Effects of Natural Versus Synthetic Consonant and Vowel Stimuli on Cortical Auditory-Evoked Potential
Article information
Abstract
Background and Objectives
Natural and synthetic speech signals effectively stimulate cortical auditory evoked potential (CAEP). This study aimed to select the speech materials for CAEP and identify CAEP waveforms according to gender of speaker (GS) and gender of listener (GL).
Subjects and Methods
Two experiments including a comparison of natural and synthetic stimuli and CAEP measurement were performed of 21 young announcers and 40 young adults. Plosive /g/ and /b/ and aspirated plosive /k/ and /p/ were combined to /a/. Six bisyllables–/ga/-/ka/, /ga/-/ba/, /ga/-/pa/, /ka/-/ba/, /ka/-/pa/, and /ba/-/pa/–were formulated as tentative forwarding and backwarding orders. In the natural and synthetic stimulation mode (SM) according to GS, /ka/ and /pa/ were selected through the first experiment used for CAEP measurement.
Results
The correction rate differences were largest (74%) at /ka/-/ pa/ and /pa/-/ka/; thus, they were selected as stimulation materals for CAEP measurement. The SM showed shorter latency with P2 and N1-P2 with natural stimulation and N2 with synthetic stimulation. The P2 amplitude was larger with natural stimulation. The SD showed significantly larger amplitude for P2 and N1-P2 with /pa/. The GS showed shorter latency for P2, N2, and N1-P2 and larger amplitude for N2 with female speakers. The GL showed shorter latency for N2 and N1-P2 and larger amplitude for N2 with female listeners.
Conclusions
Although several variables showed significance for N2, P2, and N1-P2, P1 and N1 did not show any significance for any variables. N2 and P2 of CAEP seemed affected by endogenous factors.
Introduction
Auditory evoked potential (AEP) is an electrophysiological response stimulated by sounds. Cortical auditory evoked potential (CAEP), which belongs to the late response of AEP, is comprised of P1, N1, P2, N2, P300, and mismatch negativity (MMN) [1]. The P1 in the CAEP waveform reflects the activity in the secondary auditory cortex and Heschl’s gyrus and has been utilized as an indicator of the maturity of the central auditory pathway in many studies. The N1, the first negative voltage component of CAEP, receives a contribution from the primary auditory cortex resulting in left and right hemispheres including intra- and inter-hemispheric activities. It is also known to be the most reliable component and influenced by changes of stimuli sensitively. The P2 is a complex response from the cerebral cortex and reflects the effectiveness of training in stimuli discrimination. The N2 is also a complex response from the superior auditory pathway including the thalamus and is affected by cognitive levels such as attention. In addition, the N1-P2 complex response can be used in the measurement of hearing sensitivity and neural processing of speech sound [2].
As speech sound stimulation is usually specified by the characteristics of consonants, the classification of the consonants is important for analyzing the response. Usually, consonants are classified as the articulation manner and place. The better accuracy was observed in perception with the plosive and affricative consonants in Korean [3].

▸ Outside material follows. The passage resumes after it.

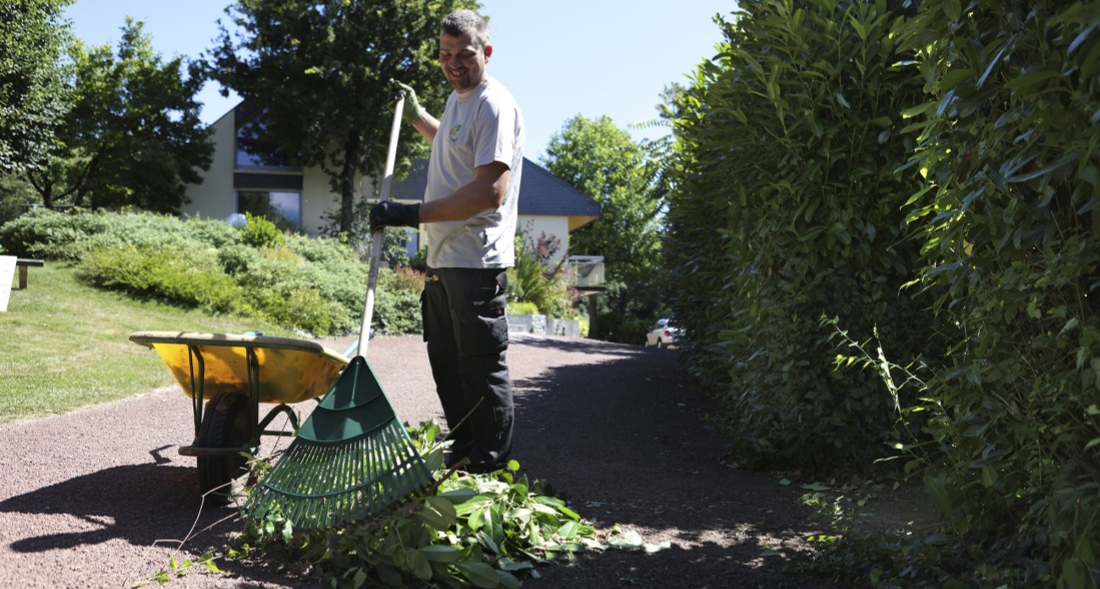 Débroussailler efficacement grâce à nos experts paysagistes Daniel Moquet Jardin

For the stimulation of CAEP, speech signals including natural and synthetic speeches were known to be effective as they were more related to cognitive processing [4]. It was noted that approximately 9 ms for P1 and N1 and 5 ms for P2 were faster with natural /a/ than synthetic /a/. And the natural speech sounds were more effective in recognition for both quiet or noisy environments than synthetically produced speech sounds [5] as they contained various real metrical characteristics such as intonation and stress which contributed to the sound accuracy for recognition [6,7]. However, when compared to click, tones and synthesized speech sounds, the natural speech sounds were thought to be less reliable for recording CAEP since they were highly complex time-varying signals. Also, synthetical speech sounds could be controlled and adjusted the acoustic features such as voice onset time (VOT) [8,9].

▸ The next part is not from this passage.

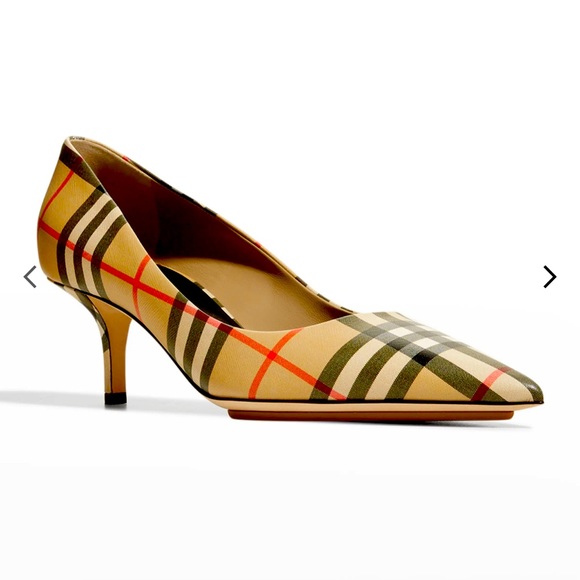 Burberry Pumps. SALE CLOSET CLEAN OUT PRICE - Picture 1 of 7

According to non-pathologic subject factors such as gender, CAEP waveforms showed the difference. One study reported a larger amplitude response in female than males for N1-P2 complex with tonal stimuli to both ears [10]. Also, the latency of P2 was significantly shorter when evoked with speech stimulation in female. But the amplitudes of P1, N1, and P2 were not differed by gender effect at the same study [11]. In another study, the latency and amplitude of N1 and P2 did not show any difference according to gender [12].

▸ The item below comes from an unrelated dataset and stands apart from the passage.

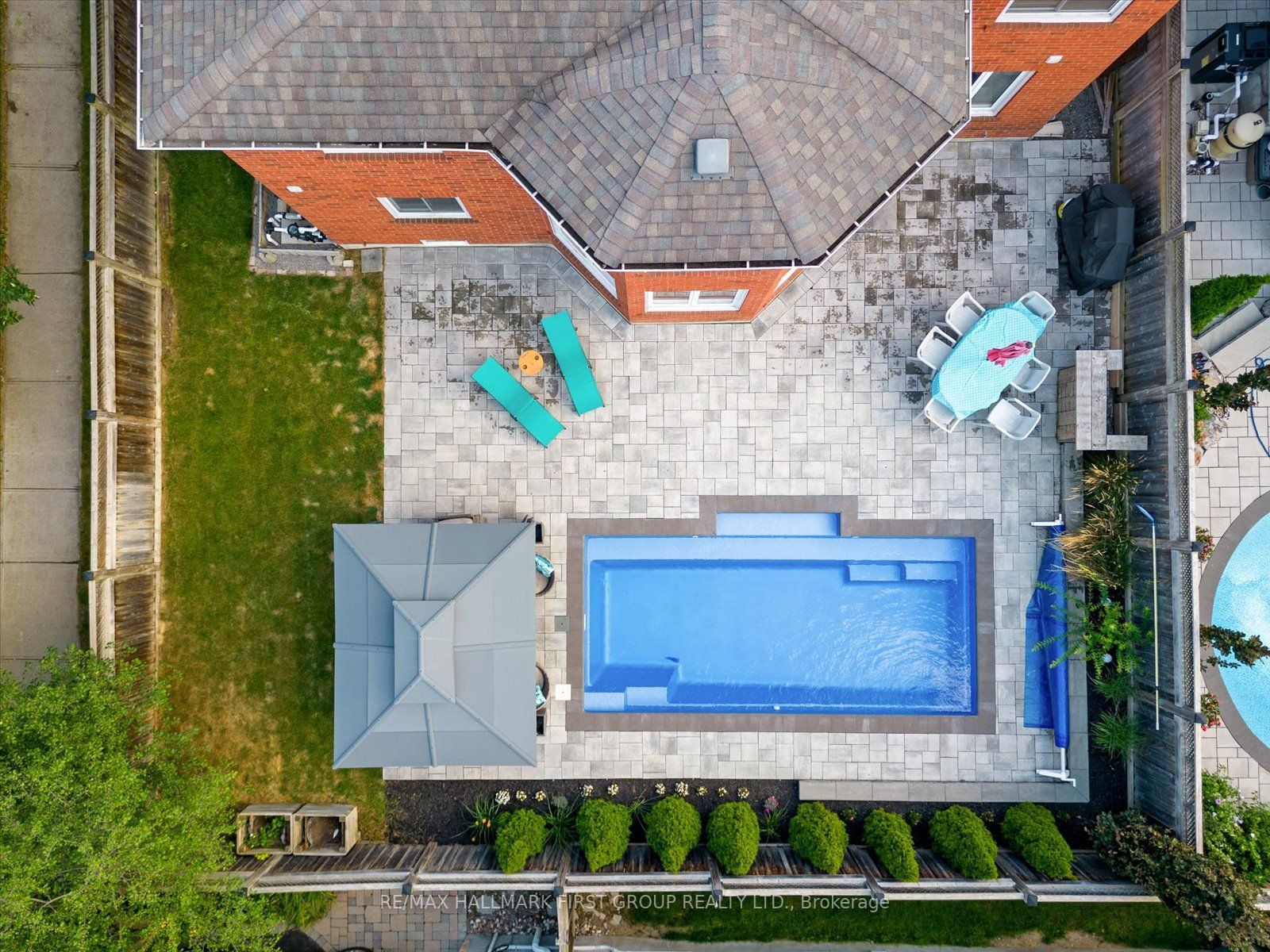 1031 Moorelands Cres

Several synthesizers have been introduced to facilitate the production of synthetic speech sounds including Microsoft’s speech platform (https://www.microsoft.com), Klatt synthesizer (https://www.asel.udel.edu/speech/tutorials/synthesis/KlattSynth/index.htm), eSpeak (Hewlett-Packard, https://sourceforge.net/). Klatt synthesizer, developed in 1980, produced speech sound in a way of allocating particular formant frequency to phoneme but showed the poor quality of sounds [13]. Also, developed by Microsoft in 2011, Microsoft’s speech platform was introduced as a standard speech synthesizer software. Based on Klatt synthesizer (1995), eSpeak was further developed following the Microsoft speech platform with an improvement of sound quality. It could also convert text-to-speech with Windows and Linux operating systems. Moreover, eSpeak has advanced accessibility providing language support systems over 43 languages depending on gender including the Korean language [14].
CAEP can be described as either endogenous or exogenous responses. P300 and MMN which are often called cortical P300 and MMN elicited by the oddball paradigm are categorized as endogenous among CAEPs. Generally, P1, N1, and P2 are reported as an exogenous response, characterized by external factors such as acoustic features of stimuli [15]. However, it is not clear whether N2 includes exogenous or endogenous factors [16]. CAEP waveforms showed the difference according to many non-pathologic subject factors. Although it has been rarely investigated to demonstrate gender effects, the amplitude of the N1-P2 complex was increased when tonal stimulation was presented to female listeners [10]. And the latency of P2 was decreased when speech stimulation was presented to female listeners [10]. The latencies and amplitudes of N1 and P2 latencies increased and amplitudes decreased as the age increased in adults [11,17].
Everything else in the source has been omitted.